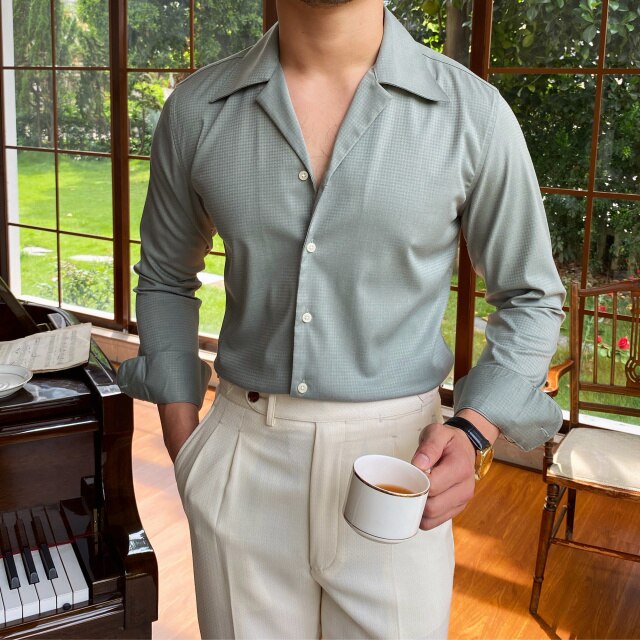 Chemise saphir à manches longues et col cubain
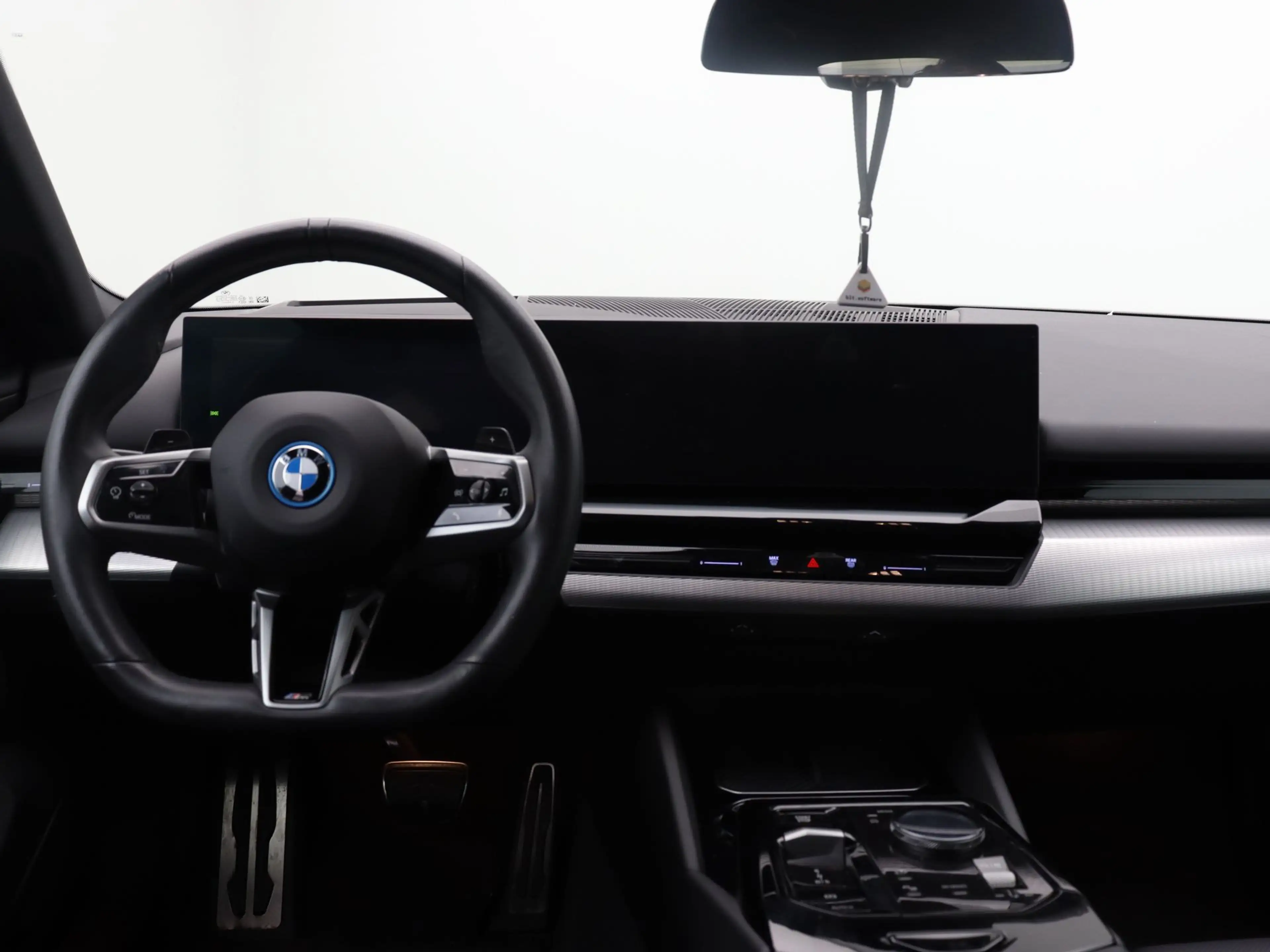 BMW 530 5 Serie 530e — photo 14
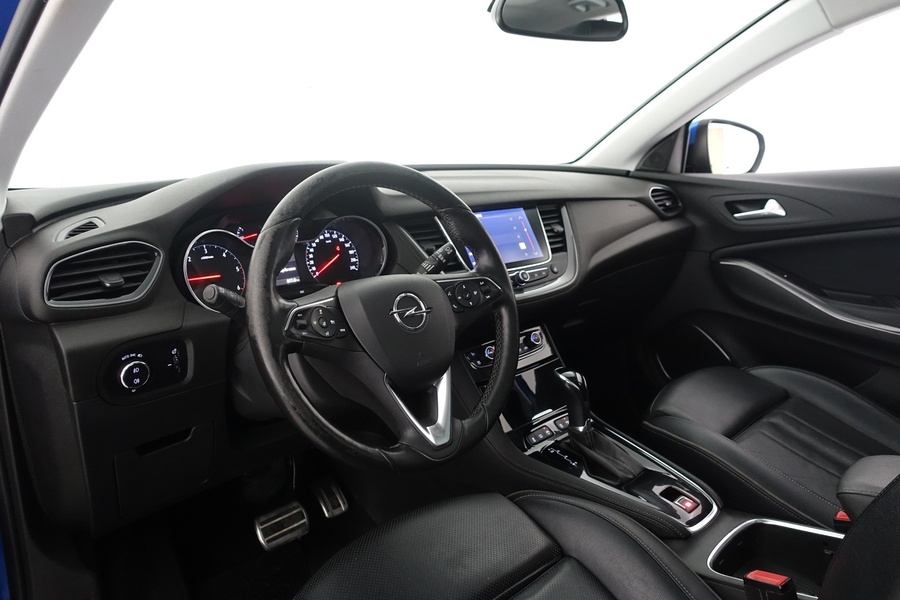 Opel Grandland X vaihtoauto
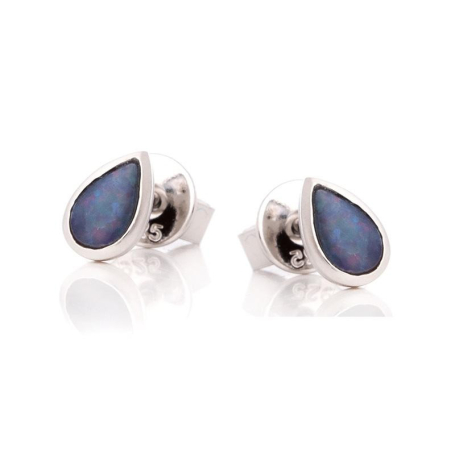 Clous d'oreilles avec opale bleue doublet goutte, en argent rhodié 925
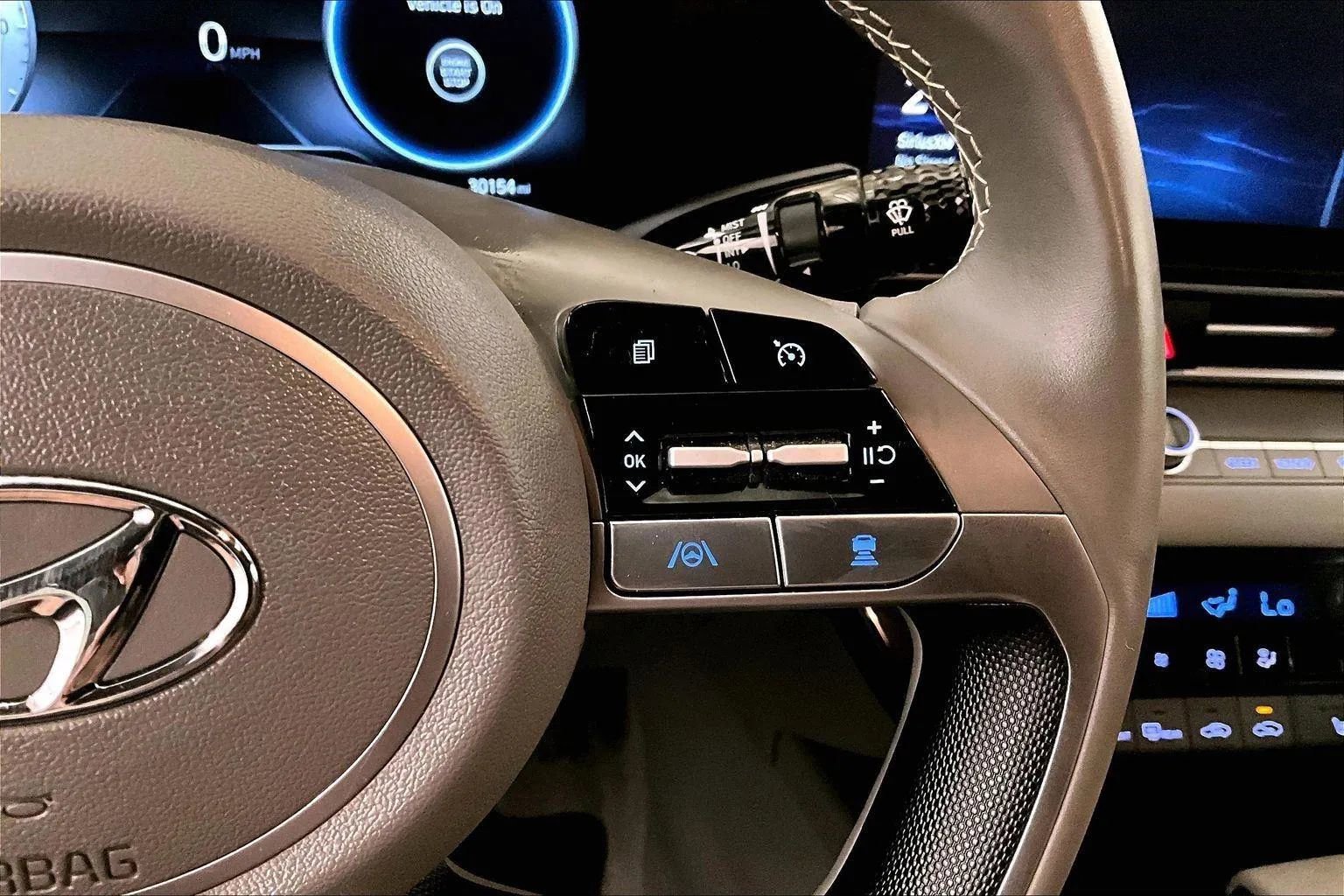 Used 2023 Hyundai Elantra SEL w/ Convenience Package image 18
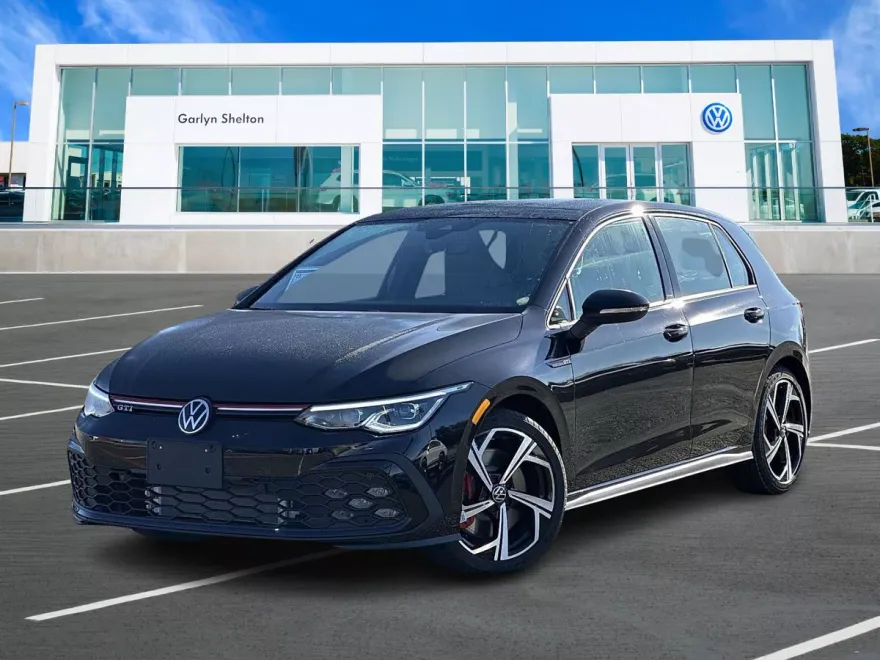 2024 Volkswagen Golf GTI SE photo 1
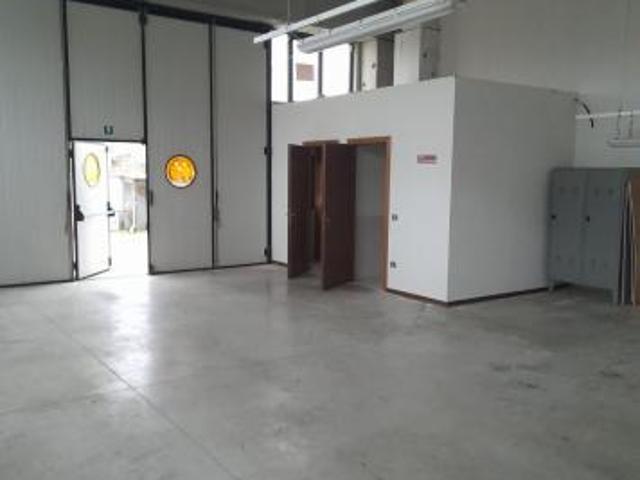 Capannone artigianale in vendita a Botteghe Fucecchio 235 mq Rif: 1414910
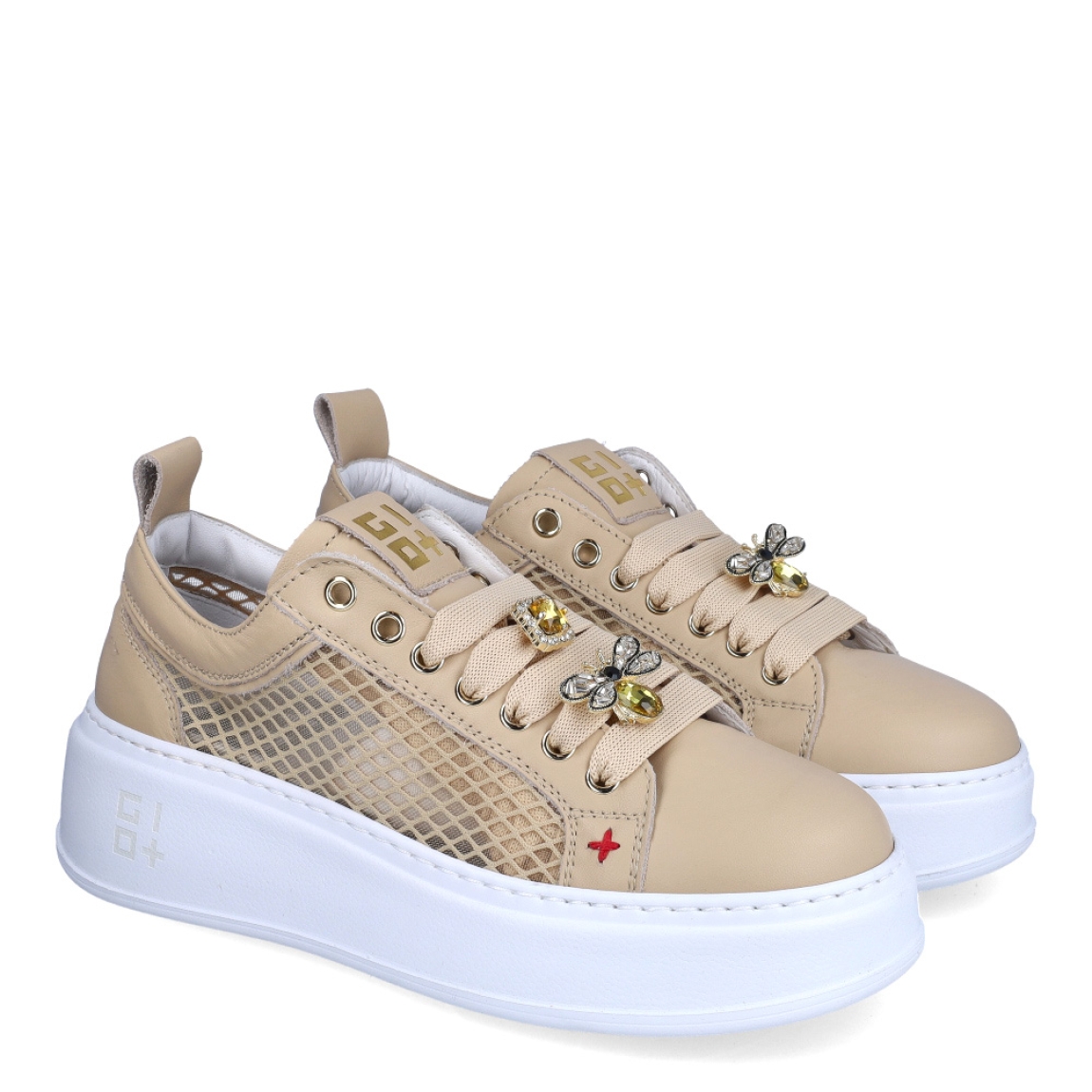Deportivas de la marca GIO+, modelo PIA. Exterior de las deportivas en piel en efecto rejilla color camel con detalle en blanco en la parte del talón. Interior de las deportivasne en piel color blanco con plantilla acolchada y extraíble. Cierre de las deportivas con cordones blancos y adornos de abeja con piedrería brillante en la parte de la pala. Deportivas GIO+ con cuña de 4cm de altura. Estas deportivas GIO+ PIA son unas clásicas que no te pueden faltar en el armario de temporada. Podrás crear diferentes looks, con estillo y comodidad asegurada.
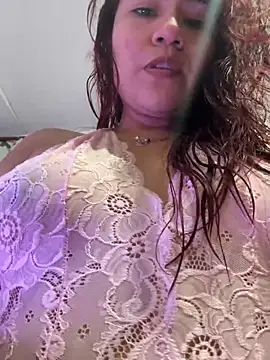 Snapshot of ZUCAAT chatting on 02-22-25, 05:44 ZUCAAT online show from 02-22-25, 05:44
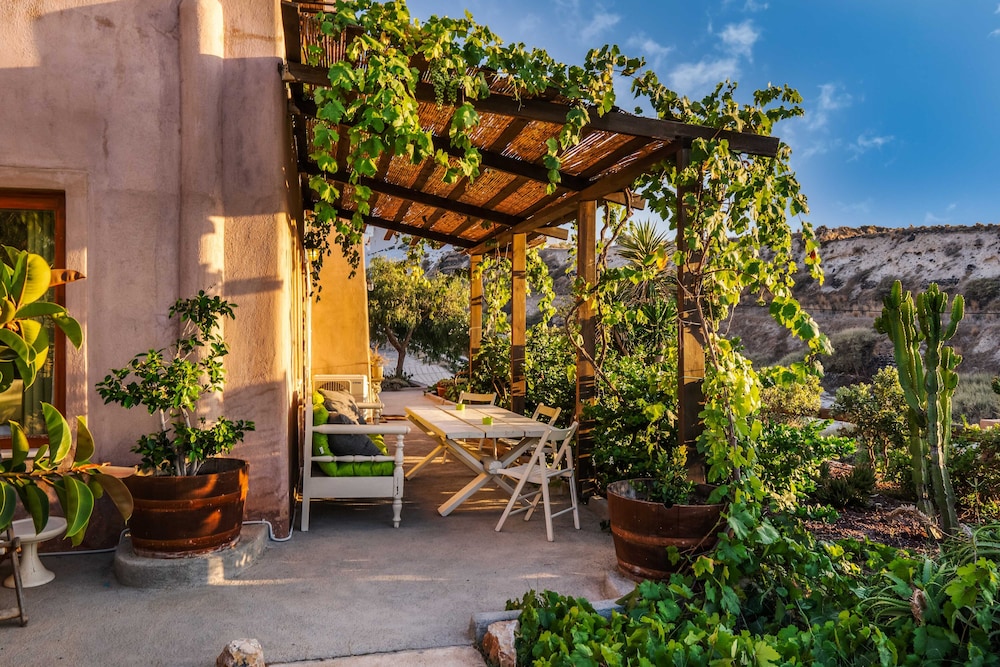 Rosepepper Villa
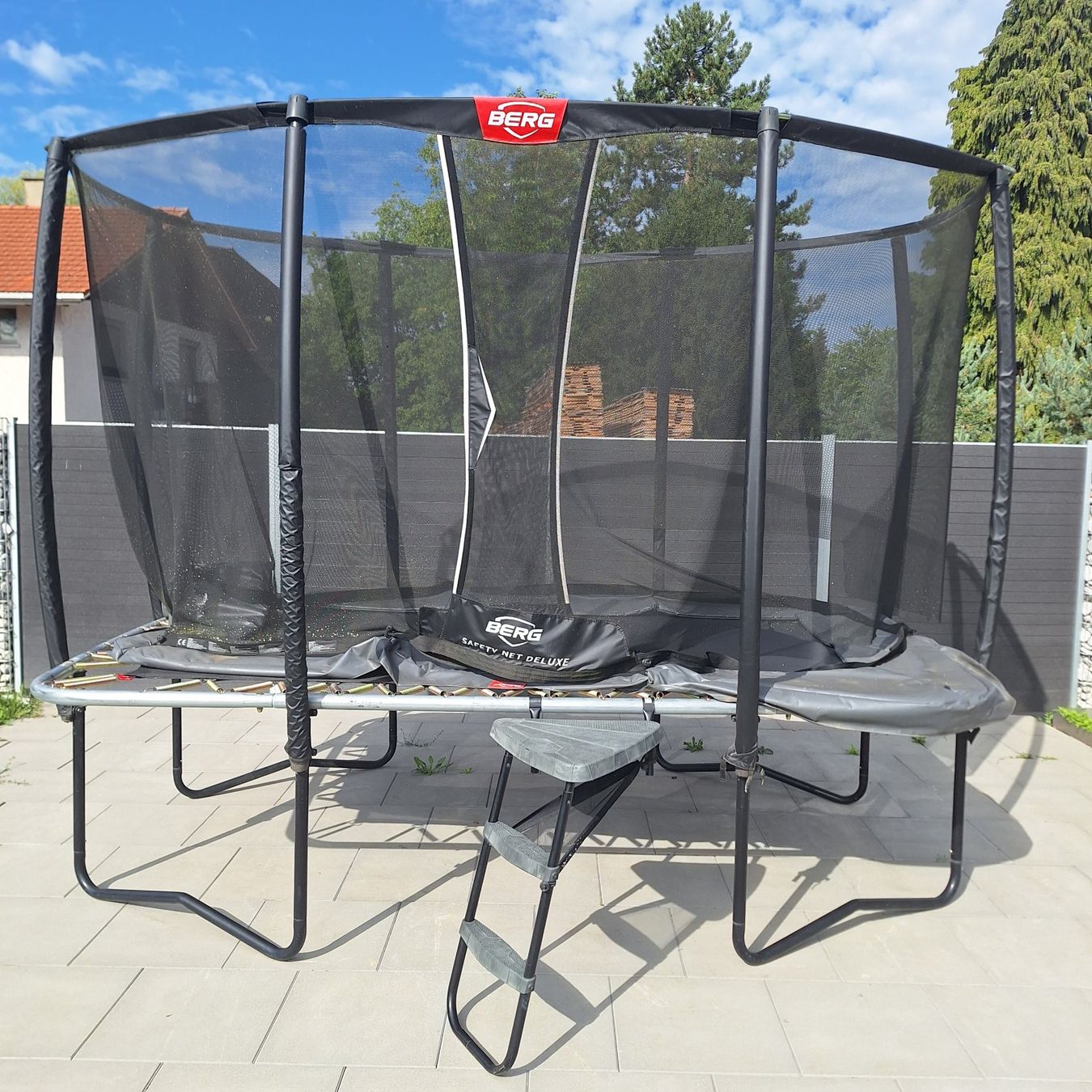 Trampolines: Trampolin Berg – D'occasion à Diessenhofen par tsc_b77c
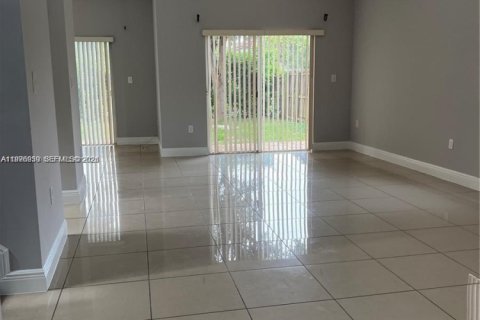 House in Homestead, Florida 4 bedrooms, 163.69 sq.m. № 2040754 - photo 4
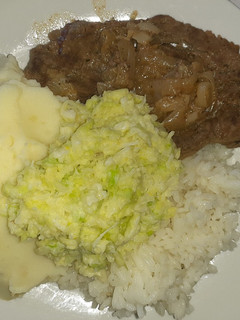 Una foto de Bistec con puré arroz y ensalada de repollo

****************

> **What to work on**: Return the entries verbatim, pictures excluded.

> **Exercise answer**:
 Chemise saphir à manches longues et col cubain
 BMW 530 5 Serie 530e — photo 14
 Opel Grandland X vaihtoauto
 Clous d'oreilles avec opale bleue doublet goutte, en argent rhodié 925
 Used 2023 Hyundai Elantra SEL w/ Convenience Package image 18
 2024 Volkswagen Golf GTI SE photo 1
 Capannone artigianale in vendita a Botteghe Fucecchio 235 mq Rif: 1414910
Deportivas de la marca GIO+, modelo PIA. Exterior de las deportivas en piel en efecto rejilla color camel con detalle en blanco en la parte del talón. Interior de las deportivasne en piel color blanco con plantilla acolchada y extraíble. Cierre de las deportivas con cordones blancos y adornos de abeja con piedrería brillante en la parte de la pala. Deportivas GIO+ con cuña de 4cm de altura. Estas deportivas GIO+ PIA son unas clásicas que no te pueden faltar en el armario de temporada. Podrás crear diferentes looks, con estillo y comodidad asegurada.
 Snapshot of ZUCAAT chatting on 02-22-25, 05:44 ZUCAAT online show from 02-22-25, 05:44
 Rosepepper Villa
 Trampolines: Trampolin Berg – D'occasion à Diessenhofen par tsc_b77c
 House in Homestead, Florida 4 bedrooms, 163.69 sq.m. № 2040754 - photo 4
 Una foto de Bistec con puré arroz y ensalada de repollo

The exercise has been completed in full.